Природа политики

I

Во-первых, чем является политика с фактической стороны? Политика есть деятельность в отношении власти.

Политика имеет собственную сферу, и это сфера власти. Поэтому она не связана с моралью, эстетикой и экономикой. Наравне с ними политика — это особый способ мышления. Каждая из этих форм мышления обособляет часть мировой тотальности и предъявляет на нее свои права. Мораль проводит различие между добром и злом, эстетика — между прекрасным и безобразным, экономика — между полезным и бесполезным (в ее поздней, чисто торговой фазе речь уже идет о выгодном и невыгодном). Политика в свою очередь делит мир на друзей и врагов. Для нее это деление говорит о максимально возможной степени объединения или, напротив, разъединения.
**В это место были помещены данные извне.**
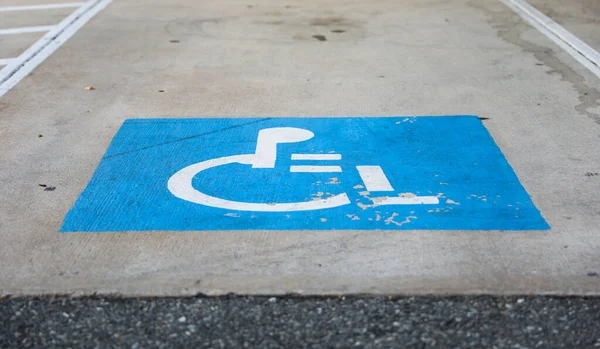 Señal Aparcamiento Para Discapacitados Fondo Asfalto —  Fotos de Stock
Политическая мысль так же независима от остальных вышеуказанных форм мысли, как и они друг от друга. Она может существовать без них, а они без нее. Враг может быть добрым, он может быть прекрасным, экономически полезным, деловые отношения с ним могут быть выгодны, но если его властная деятельность пересекается с моей, то он мой враг. Он тот, с кем возможны экзистенциальные конфликты. Эстетика, экономика и мораль не имеют отношения к экзистенции, определяя только нормы деятельности и мышления в пределах достоверного бытия.

Если в рамках психологического факта врага легко представить уродливым, вредоносным и злым, то для политики все это не существенно и не отменяет независимости политического мышления и деятельности. Политическое размежевание, связанное именно с бытием, есть глубочайшее из размежеваний, в силу чего оно готово воспользоваться любым способом убеждения, принуждения и оправдания, чтобы продолжать осуществляться. Размах, который это приобретает, напрямую зависит от чистоты политического мышления лидеров. Чем больше в их взглядах морали, экономики или иных способов мышления, тем вероятнее они будут вести по этим направлениям пропаганду ради достижения своих политических целей. Бывает, что они не отдают себе отчета о политическом характере своей деятельности. Судя по всему, Кромвель считал себя религиозным, а не политическим деятелем. Другим примером была одна французская газета, которая в 1870 г. разгорячала боевой дух своих читателей обещаниями, что французские солдаты привезут из Пруссии вагоны блондинок.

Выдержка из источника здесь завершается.